The photo of the 2019 Spanish general election is one of clear winners and losers. The winner is Pedro Sánchez, whose Socialist (PSOE) party has not only obtained a more solid electoral base, but can also now choose its partners. It can either go right and link with Ciudadanos (Cs) - if that party is willing to breach its anti-PSOE cordon sanitaire - or go left and join with Unidas Podemos along with the nationalists and independence parties who supported it in the no-confidence motion last year, which first brought Sánchez to power. In contrast, the losers are the Spanish right in general, which has been left far from the 176 seats necessary to form a government because of the huge losses suffered by the Popular Party (PP) under Pablo Casado.

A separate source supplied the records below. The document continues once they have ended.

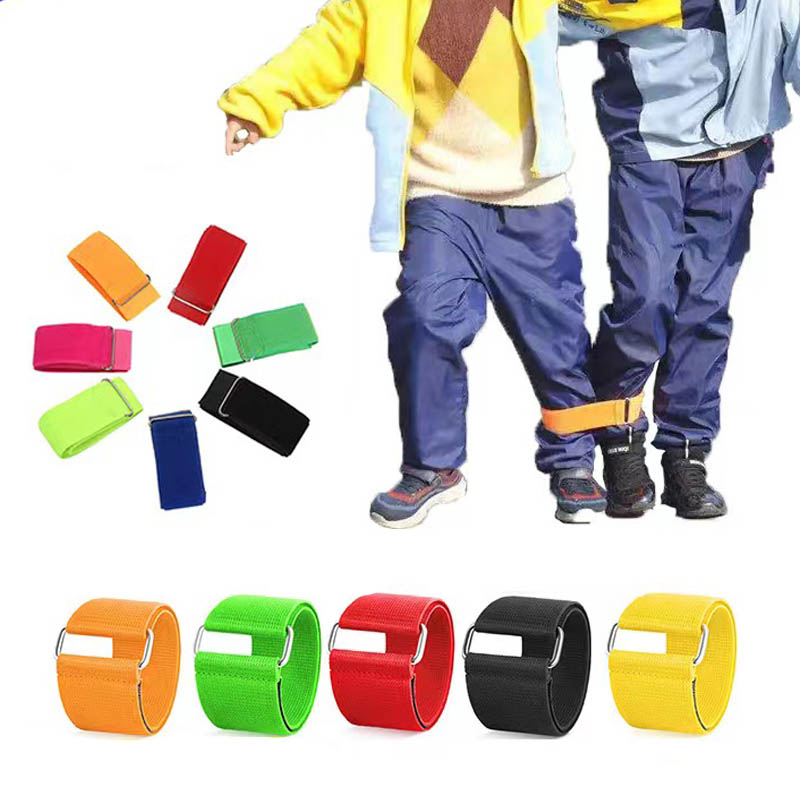 Kids Outdoor Games For Party - Уличные Веселые трёхноговые повязки, командные мероприятия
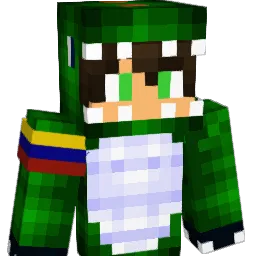 fireypineapple27 Minecraft avatar bust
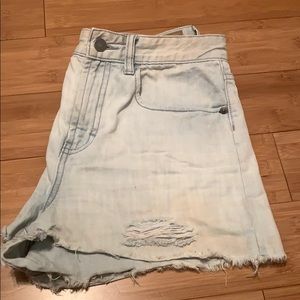 BP Distressed Jean Shorts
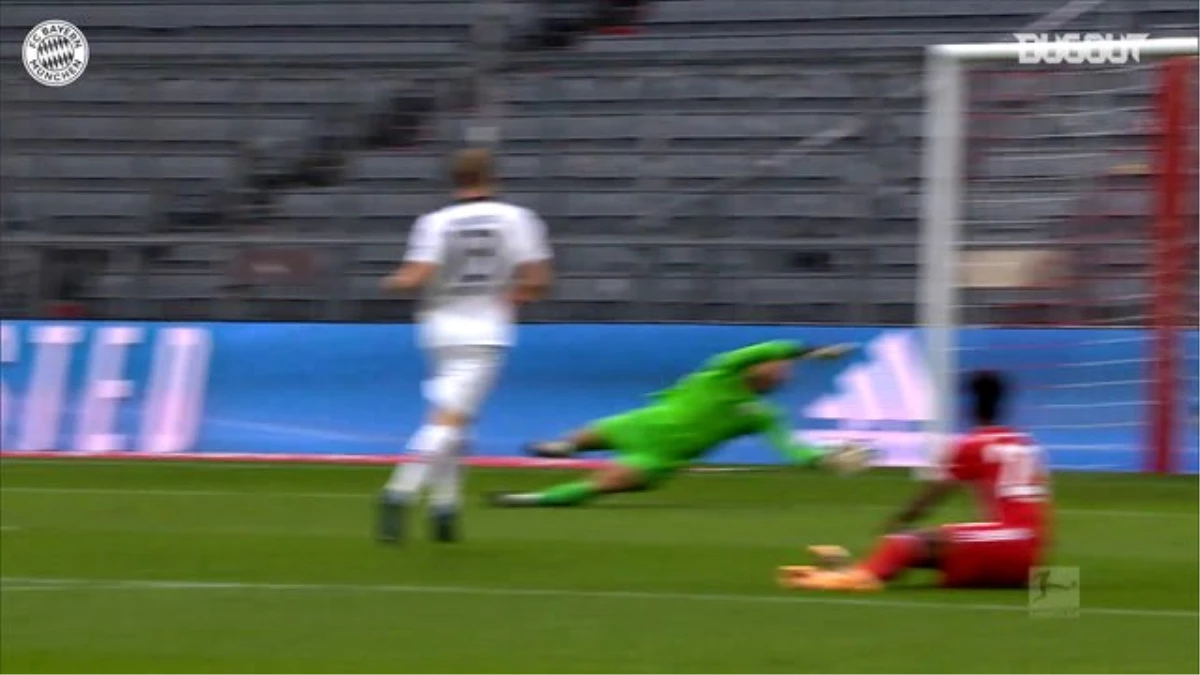 Robert Lewandowski\'nin Eintracht Frankfurt\'a Karşı Yaptığı Hat-trick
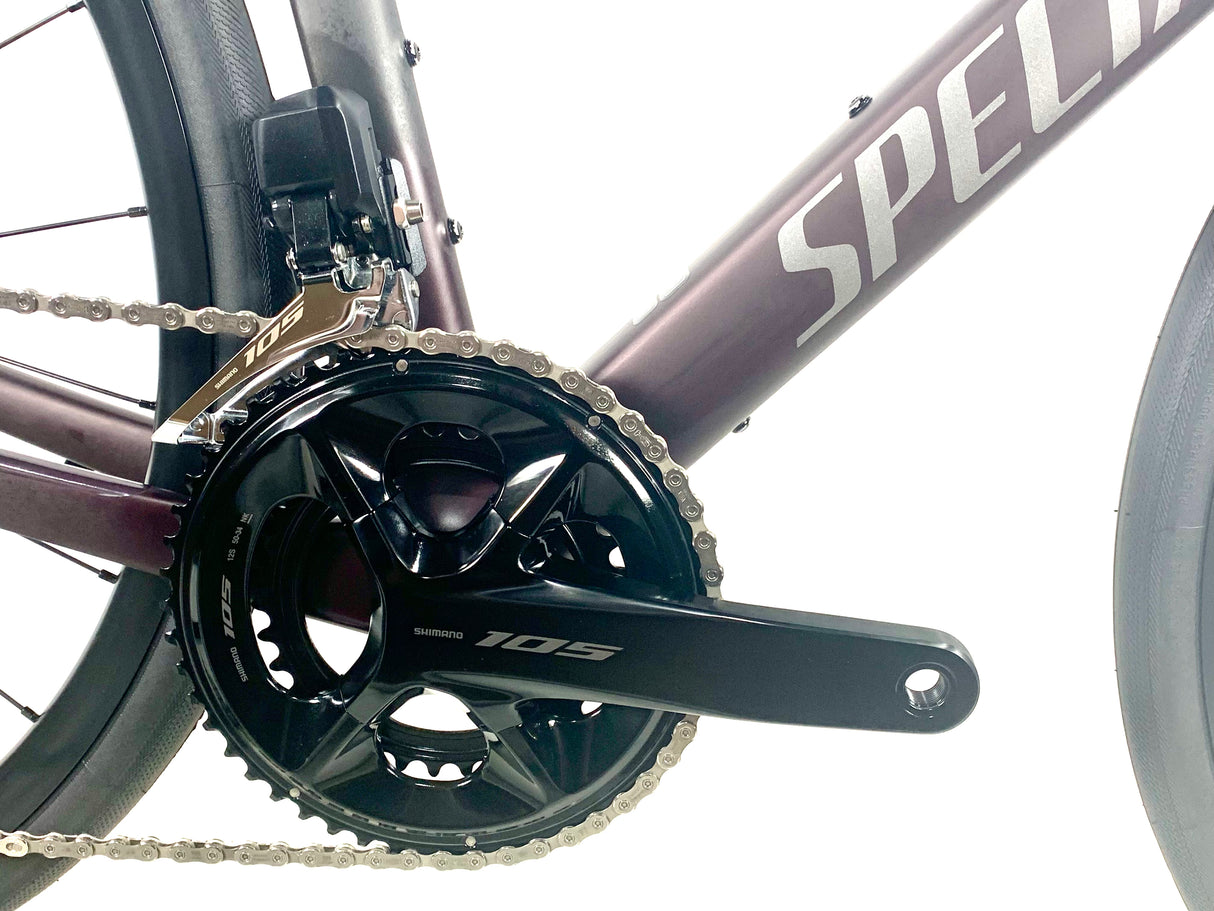 2026 Specialized Roubaix SL8 Comp Carbon Shimano 105 Di2 Size: 56cm (Preowned)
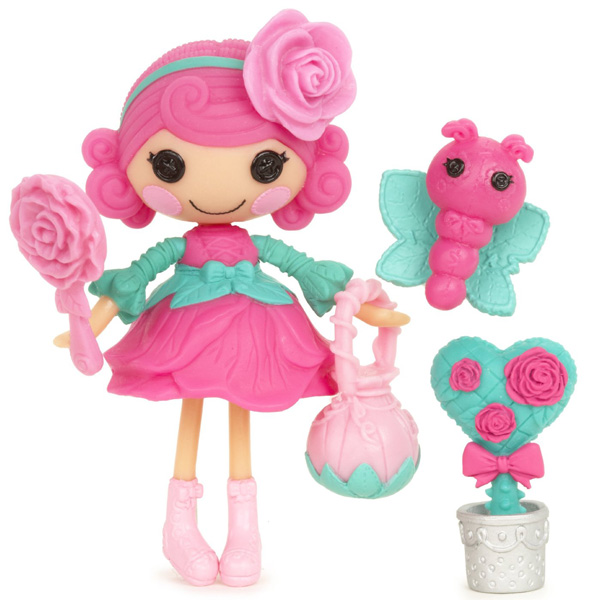 Mini Lalaloopsy Lutka Rosebud Longstem 513940/6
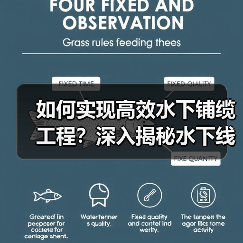 如何实现高效水下铺缆工程？深入揭秘水下线缆施工的差异化策略（图3）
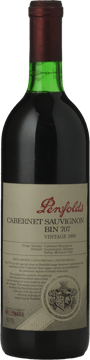 PENFOLDS Bin 707 Cabernet Sauvignon, South Australia 1990 Bottle image number 0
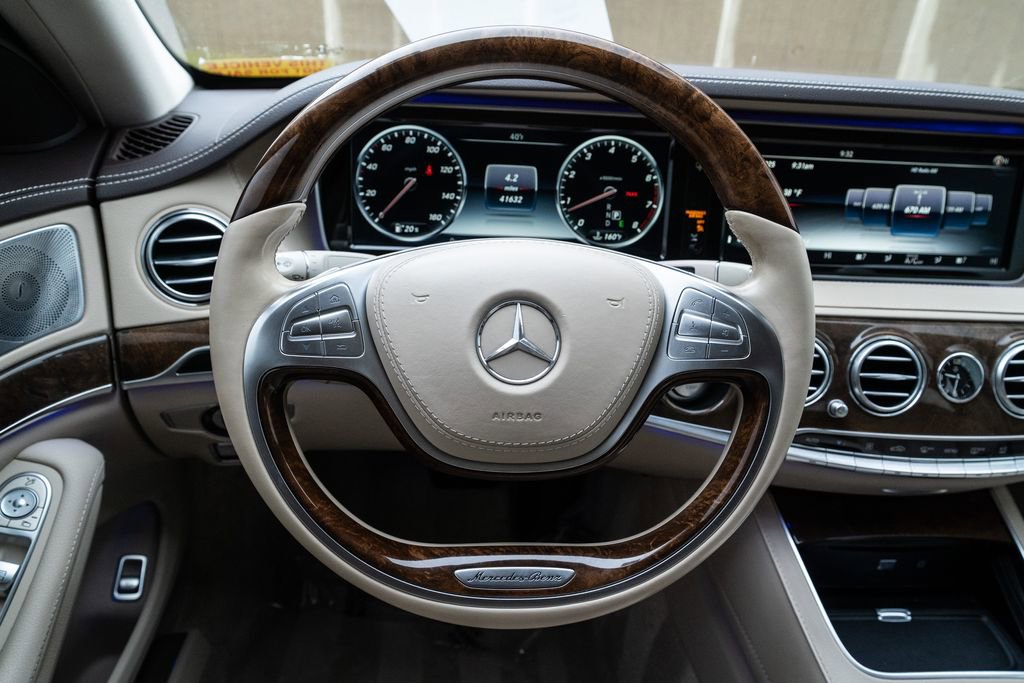 Used 2017 Mercedes-Benz S 550 S 550 image 15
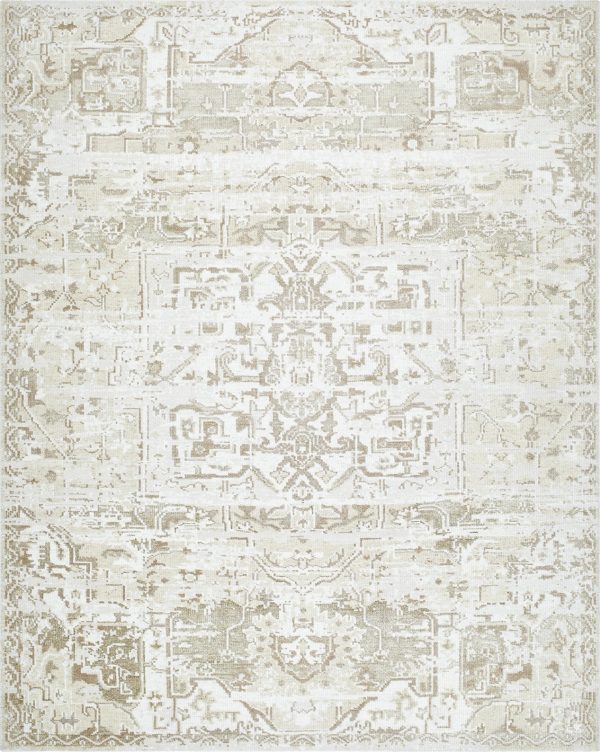 Surya Lille LEL-2300 Light Silver Area Rug Sale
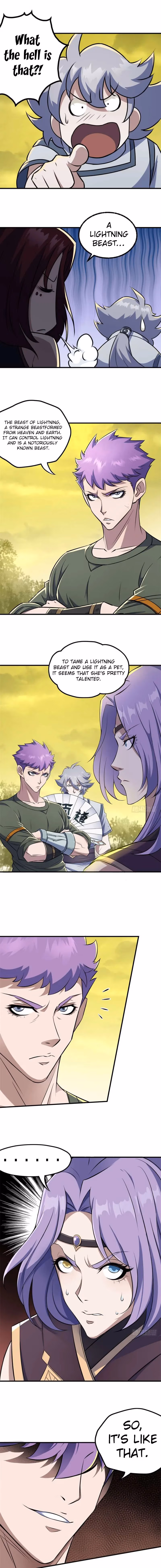 Read Dark Hunter chapter 104 image 3 on Lezhin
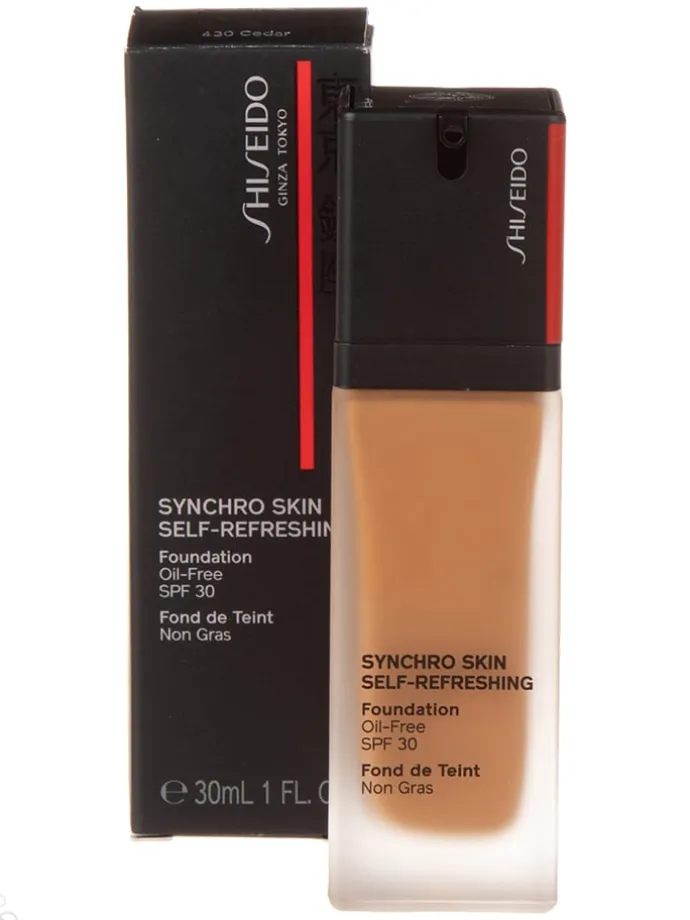 Foundation "Synchro Skin Self-Refreshing - 430 Cedar", 30 ml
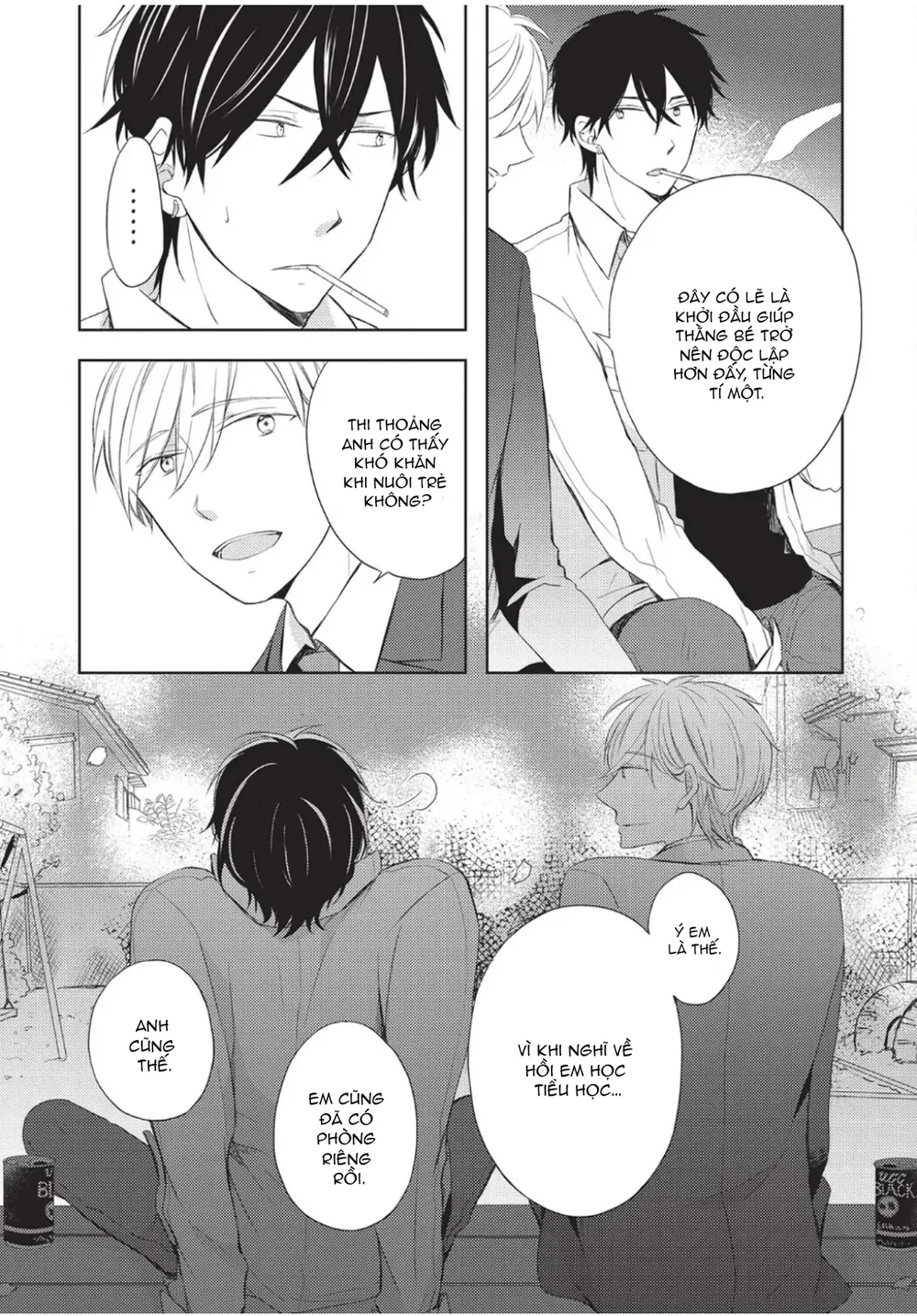 Papa Motoyan và Thầy Hitsuji Chapter 9 Trang 8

In the contention that precipitated Sánchez's decision to go to the polls - the choice between undertaking dialogue with Catalonia, or increasing the level of conflict - the former has emerged as a clear winner. The three right-wing parties whose rally in Madrid's Plaza de Colón helped provoke the election only obtained a combined total of 42.7% of the votes - and that, in an election where the turnout across Spain rose to 75.7%, a 9 point increase on 2016.
The Spanish prime minister has achieved a solid expansion of his parliamentary group, with a PSOE that goes from 84 to 121 seats, with 96% of votes counted. Behind them in a distant second place is the PP, which has fallen from 137 deputies to a mere 66. The third force will be Cs, who have won 26 extra representatives to reach 58. Unidas Podemos and their different regional partners fall to 35. The extreme right party Vox did not break into the Congress at quite the level expected, winning only 24 seats. Catalan parties ERC and JxCat won 15 and 7 seats respectively; then there are the Basques PNB (6) and Bildu (5), Navarra Suma with 2, the Coalició Canaria with 2, and a single seat each for Valencia's Compromís and the Cantabria Regionalist Party.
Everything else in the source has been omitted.